==== Provided entries ====

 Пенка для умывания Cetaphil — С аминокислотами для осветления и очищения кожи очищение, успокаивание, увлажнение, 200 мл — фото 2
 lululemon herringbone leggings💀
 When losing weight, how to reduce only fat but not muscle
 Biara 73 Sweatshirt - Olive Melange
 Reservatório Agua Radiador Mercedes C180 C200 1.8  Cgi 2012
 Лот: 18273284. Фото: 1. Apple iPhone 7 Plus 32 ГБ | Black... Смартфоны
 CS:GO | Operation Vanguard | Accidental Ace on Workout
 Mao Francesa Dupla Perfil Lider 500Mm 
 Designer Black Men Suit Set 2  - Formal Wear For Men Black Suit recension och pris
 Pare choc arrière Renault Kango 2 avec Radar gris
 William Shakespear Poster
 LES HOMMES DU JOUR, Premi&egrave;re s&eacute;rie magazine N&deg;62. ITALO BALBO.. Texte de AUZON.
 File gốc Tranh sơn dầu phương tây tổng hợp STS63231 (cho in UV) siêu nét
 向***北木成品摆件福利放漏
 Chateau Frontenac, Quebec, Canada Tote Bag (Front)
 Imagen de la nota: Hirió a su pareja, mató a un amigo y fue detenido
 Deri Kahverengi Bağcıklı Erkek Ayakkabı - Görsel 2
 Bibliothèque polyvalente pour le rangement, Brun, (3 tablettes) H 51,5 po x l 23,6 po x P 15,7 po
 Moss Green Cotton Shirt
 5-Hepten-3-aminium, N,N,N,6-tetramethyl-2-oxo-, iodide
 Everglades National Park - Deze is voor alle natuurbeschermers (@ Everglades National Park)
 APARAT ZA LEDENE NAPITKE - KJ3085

====

__What the task requires__
Would you output, unchanged, each line from the start of the records to the line that holds "5-Hepten-3-aminium, N,N,N,6-tetramethyl-2-oxo-, iodide", both included and nothing else?

__Result below__
 Пенка для умывания Cetaphil — С аминокислотами для осветления и очищения кожи очищение, успокаивание, увлажнение, 200 мл — фото 2
 lululemon herringbone leggings💀
 When losing weight, how to reduce only fat but not muscle
 Biara 73 Sweatshirt - Olive Melange
 Reservatório Agua Radiador Mercedes C180 C200 1.8  Cgi 2012
 Лот: 18273284. Фото: 1. Apple iPhone 7 Plus 32 ГБ | Black... Смартфоны
 CS:GO | Operation Vanguard | Accidental Ace on Workout
 Mao Francesa Dupla Perfil Lider 500Mm 
 Designer Black Men Suit Set 2  - Formal Wear For Men Black Suit recension och pris
 Pare choc arrière Renault Kango 2 avec Radar gris
 William Shakespear Poster
 LES HOMMES DU JOUR, Premi&egrave;re s&eacute;rie magazine N&deg;62. ITALO BALBO.. Texte de AUZON.
 File gốc Tranh sơn dầu phương tây tổng hợp STS63231 (cho in UV) siêu nét
 向***北木成品摆件福利放漏
 Chateau Frontenac, Quebec, Canada Tote Bag (Front)
 Imagen de la nota: Hirió a su pareja, mató a un amigo y fue detenido
 Deri Kahverengi Bağcıklı Erkek Ayakkabı - Görsel 2
 Bibliothèque polyvalente pour le rangement, Brun, (3 tablettes) H 51,5 po x l 23,6 po x P 15,7 po
 Moss Green Cotton Shirt
 5-Hepten-3-aminium, N,N,N,6-tetramethyl-2-oxo-, iodide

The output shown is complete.